# Duramax water ppump



## Davis31052 (Jan 13, 2008)

Has anyone replaced the water pump on their 6.6 Duramax, yet.  If so, I'm looking for some insight. Does the harmonic balancer need to come off? If so, what size 12 point socket is needed for the HB bolt, and will a regular steering wheel / balancer puller work? 

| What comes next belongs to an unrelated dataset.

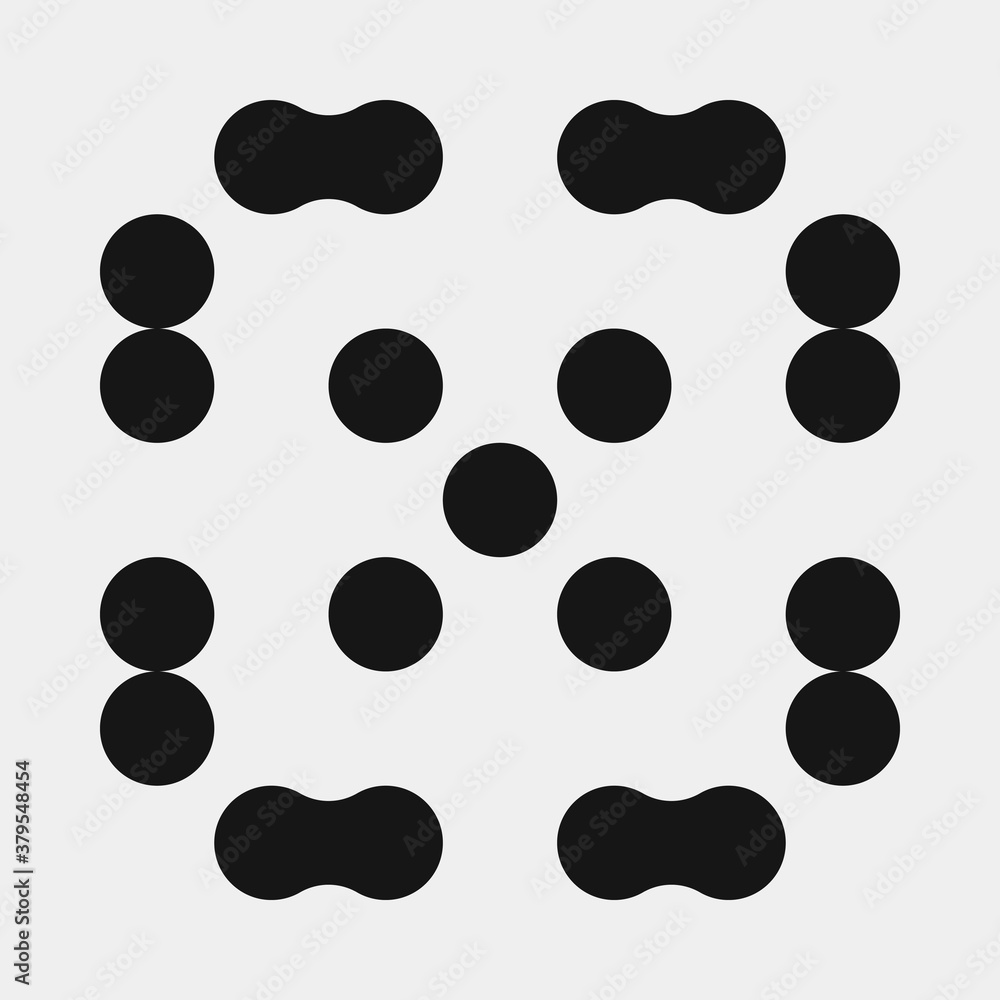 Fototapeta premium Abstract Cross Pattern Dots Logo generative computational art illustration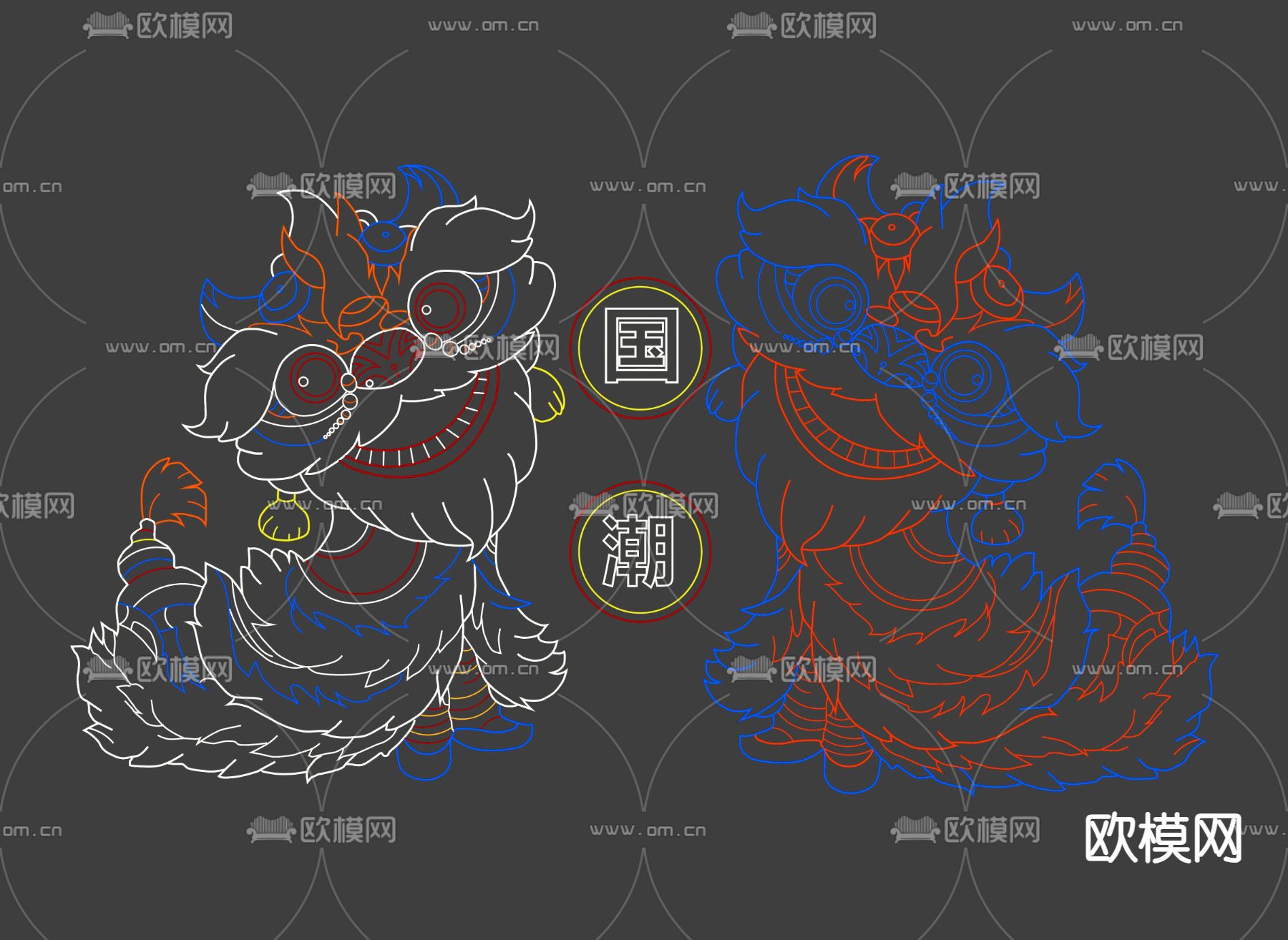 醒狮舞狮霓虹灯 装饰灯su模型下载（渲染图1）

 Also, any special precautions, tips I need to follow? All info is greatly appreciated.

Thx, LF


----------



## TATORNUTZ (Jan 15, 2008)

pm "the rake" on here,he's done a couple,I work on chevrolets but haven't been "blessed" with that task yet,the balancer bolt is torqued over 200ft lbs,and there is very little room to work.Have you checked with your dealership? It is probably covered under warranty(they bumped the powertrain up again to 7yr 200kmi last I heard).


----------



## jon c anderson (Jan 15, 2008)

*water pump*

i used to work @ the chevy stealerships. i did 1 water pump & i think i had to remove balancer, but i think the last quote, he is right , ck the warranty on that.


----------



## THERAKE (Jan 15, 2008)

yes you do have to remove the balancer and a impact will not break it loose. i have done some they are not that bad but if i am not wrong the extended warranty is only on the injectors not the cooling system. this is a common repair. pays well not that bad if you have the correct tools. as for the socket size i dont remember but it is pretty large and metric how far is lizella from griffin,zebulon area?


----------



## Davis31052 (Jan 16, 2008)

Rake,

 I'm about 15 miles west of Macon. This truck actually belongs to a good friend, I'm trying to help out.  We're gonna try and replace it Monday so we were trying to get all the tools together before hand. FYI to those interested, the crank balancer bolt head is a 12 point, 36mm.  GM tool  #J34826

LF


----------



## txshooter (Jan 27, 2008)

harmonic balancer does have to come off but you wont need a puller.  It should slide off.  the worst part is breaking loose the bolt that took a 4 foot cheater and keeping the crank from turning at the same time.


----------



## Larcus (Jan 27, 2008)

I think this is where us old mechanics used to put the socket on a long cheater against the frame and hit the starter.
Larcus


----------